Group	Intervention	Description
REGN2009 dose level 1	REGN2009	Cohort A - REGN2009 or placebo; Cohort B - Patients on existing (non-exclusionary) medications + (REGN2009 or placebo)
REGN2009 dose level 3	REGN2009	Cohort E - REGN2009 or placebo; Cohort F - Patients on existing (non-exclusionary) medications + (REGN2009 or placebo)

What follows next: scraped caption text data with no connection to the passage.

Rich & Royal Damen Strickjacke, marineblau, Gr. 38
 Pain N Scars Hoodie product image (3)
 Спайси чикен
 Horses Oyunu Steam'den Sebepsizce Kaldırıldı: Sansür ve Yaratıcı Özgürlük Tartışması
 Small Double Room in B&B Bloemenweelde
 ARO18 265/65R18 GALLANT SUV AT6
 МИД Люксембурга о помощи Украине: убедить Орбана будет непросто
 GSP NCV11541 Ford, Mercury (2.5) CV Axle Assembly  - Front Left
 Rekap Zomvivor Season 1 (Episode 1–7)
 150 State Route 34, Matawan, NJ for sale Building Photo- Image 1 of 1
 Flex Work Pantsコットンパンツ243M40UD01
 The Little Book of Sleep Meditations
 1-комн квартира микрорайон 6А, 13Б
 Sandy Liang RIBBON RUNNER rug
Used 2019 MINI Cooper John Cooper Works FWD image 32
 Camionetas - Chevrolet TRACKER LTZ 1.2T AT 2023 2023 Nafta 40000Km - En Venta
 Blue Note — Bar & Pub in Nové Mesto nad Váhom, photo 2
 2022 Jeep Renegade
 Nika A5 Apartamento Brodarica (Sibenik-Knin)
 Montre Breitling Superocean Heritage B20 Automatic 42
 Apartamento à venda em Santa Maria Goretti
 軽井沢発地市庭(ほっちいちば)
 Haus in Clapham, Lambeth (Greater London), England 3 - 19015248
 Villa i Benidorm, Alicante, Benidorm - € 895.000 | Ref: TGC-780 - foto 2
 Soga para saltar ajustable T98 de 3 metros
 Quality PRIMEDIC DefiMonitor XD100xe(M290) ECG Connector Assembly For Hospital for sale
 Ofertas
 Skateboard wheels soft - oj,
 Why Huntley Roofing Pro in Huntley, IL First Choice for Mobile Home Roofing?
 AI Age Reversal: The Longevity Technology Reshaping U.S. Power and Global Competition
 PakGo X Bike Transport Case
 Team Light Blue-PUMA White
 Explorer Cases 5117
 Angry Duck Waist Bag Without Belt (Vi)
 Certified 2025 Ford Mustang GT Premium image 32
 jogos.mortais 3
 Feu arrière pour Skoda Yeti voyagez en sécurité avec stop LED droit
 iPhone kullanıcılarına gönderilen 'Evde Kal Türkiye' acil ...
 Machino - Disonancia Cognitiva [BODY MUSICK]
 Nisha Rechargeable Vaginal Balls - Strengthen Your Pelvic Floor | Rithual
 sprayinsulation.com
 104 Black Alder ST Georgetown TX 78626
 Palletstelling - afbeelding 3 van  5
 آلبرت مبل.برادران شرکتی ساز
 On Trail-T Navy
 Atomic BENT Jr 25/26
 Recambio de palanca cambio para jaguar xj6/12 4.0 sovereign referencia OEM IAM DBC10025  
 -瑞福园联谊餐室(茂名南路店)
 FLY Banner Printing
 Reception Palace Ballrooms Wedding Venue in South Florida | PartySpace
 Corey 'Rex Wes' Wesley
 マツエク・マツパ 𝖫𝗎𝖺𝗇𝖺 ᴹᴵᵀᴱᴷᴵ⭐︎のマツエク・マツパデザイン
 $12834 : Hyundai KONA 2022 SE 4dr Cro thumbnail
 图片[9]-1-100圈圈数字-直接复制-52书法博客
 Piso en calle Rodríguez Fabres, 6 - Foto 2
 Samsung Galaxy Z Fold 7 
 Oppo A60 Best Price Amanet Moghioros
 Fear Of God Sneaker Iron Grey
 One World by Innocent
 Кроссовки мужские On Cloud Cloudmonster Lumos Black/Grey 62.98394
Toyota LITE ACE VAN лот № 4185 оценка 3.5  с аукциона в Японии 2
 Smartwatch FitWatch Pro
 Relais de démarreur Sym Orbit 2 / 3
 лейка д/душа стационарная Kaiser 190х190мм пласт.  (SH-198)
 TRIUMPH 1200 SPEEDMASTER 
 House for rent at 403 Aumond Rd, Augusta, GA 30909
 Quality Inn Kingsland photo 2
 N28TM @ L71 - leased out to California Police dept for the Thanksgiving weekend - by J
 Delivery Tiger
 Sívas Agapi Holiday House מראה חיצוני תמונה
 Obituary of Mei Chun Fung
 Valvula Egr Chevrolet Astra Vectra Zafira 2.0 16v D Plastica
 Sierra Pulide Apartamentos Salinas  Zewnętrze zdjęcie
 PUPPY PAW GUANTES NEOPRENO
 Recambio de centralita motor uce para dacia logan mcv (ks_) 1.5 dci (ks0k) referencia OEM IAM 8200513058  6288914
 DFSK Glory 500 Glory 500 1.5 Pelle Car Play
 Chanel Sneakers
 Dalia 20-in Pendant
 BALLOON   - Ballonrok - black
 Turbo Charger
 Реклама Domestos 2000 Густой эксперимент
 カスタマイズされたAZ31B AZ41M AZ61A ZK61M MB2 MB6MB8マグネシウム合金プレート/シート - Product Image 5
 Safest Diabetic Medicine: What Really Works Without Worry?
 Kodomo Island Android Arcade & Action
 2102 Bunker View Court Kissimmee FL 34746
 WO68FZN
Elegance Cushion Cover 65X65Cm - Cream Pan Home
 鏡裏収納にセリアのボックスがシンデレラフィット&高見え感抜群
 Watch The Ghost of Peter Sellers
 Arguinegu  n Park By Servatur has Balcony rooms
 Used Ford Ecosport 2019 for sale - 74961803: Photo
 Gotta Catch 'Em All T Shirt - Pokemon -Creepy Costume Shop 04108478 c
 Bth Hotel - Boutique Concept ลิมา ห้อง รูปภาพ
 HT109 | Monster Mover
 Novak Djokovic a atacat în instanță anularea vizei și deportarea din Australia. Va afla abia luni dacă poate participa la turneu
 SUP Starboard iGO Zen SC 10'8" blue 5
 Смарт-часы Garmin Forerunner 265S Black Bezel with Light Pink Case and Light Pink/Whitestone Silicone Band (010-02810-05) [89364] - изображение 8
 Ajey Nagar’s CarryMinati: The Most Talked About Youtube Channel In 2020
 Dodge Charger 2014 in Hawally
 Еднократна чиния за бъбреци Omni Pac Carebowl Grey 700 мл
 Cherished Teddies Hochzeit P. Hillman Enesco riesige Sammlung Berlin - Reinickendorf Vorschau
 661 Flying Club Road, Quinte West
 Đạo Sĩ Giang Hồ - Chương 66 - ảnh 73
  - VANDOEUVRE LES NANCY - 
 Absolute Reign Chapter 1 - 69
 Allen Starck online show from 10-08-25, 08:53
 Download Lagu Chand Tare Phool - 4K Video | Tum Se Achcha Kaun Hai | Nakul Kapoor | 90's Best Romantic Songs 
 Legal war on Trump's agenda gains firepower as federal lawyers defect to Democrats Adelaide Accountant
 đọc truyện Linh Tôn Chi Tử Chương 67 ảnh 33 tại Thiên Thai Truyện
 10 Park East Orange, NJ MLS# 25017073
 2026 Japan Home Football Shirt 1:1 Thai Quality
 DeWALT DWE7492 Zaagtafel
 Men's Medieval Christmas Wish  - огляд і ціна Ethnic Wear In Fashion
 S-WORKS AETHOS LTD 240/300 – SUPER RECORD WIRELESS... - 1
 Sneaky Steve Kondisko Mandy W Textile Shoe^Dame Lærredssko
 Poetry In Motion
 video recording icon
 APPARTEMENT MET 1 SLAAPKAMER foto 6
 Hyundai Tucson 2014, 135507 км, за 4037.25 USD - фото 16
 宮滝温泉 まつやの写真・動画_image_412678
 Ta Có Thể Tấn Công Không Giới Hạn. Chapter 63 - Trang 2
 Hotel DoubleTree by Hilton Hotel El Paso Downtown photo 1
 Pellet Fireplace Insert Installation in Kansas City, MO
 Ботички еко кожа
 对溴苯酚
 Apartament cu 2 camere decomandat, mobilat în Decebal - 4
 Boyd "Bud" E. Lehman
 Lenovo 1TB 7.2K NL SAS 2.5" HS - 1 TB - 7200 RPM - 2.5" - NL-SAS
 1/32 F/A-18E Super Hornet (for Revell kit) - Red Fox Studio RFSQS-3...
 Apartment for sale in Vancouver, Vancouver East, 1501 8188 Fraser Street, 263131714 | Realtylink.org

REGN2009 dose level 2	REGN2009	Cohort C - REGN2009 or placebo; Cohort D - Patients on existing (non-exclusionary) medications + (REGN2009 or placebo)
REGN2009 dose level 2	placebo	Cohort C - REGN2009 or placebo; Cohort D - Patients on existing (non-exclusionary) medications + (REGN2009 or placebo)
REGN2009 dose level 3	placebo	Cohort E - REGN2009 or placebo; Cohort F - Patients on existing (non-exclusionary) medications + (REGN2009 or placebo)
REGN2009 dose level 1	placebo	Cohort A - REGN2009 or placebo; Cohort B - Patients on existing (non-exclusionary) medications + (REGN2009 or placebo)

Primary Outcome Measures

Name	Time	Method
Number of TEAEs	day 1 to day 106/ visit 15	The primary endpoint in this study is the incidence and severity of Treatment Emergent Adverse Events (TEAEs) in healthy volunteers treated with REGN2009 or placebo reported from day 1 (baseline) to the completion of the study on day 106/ visit 15.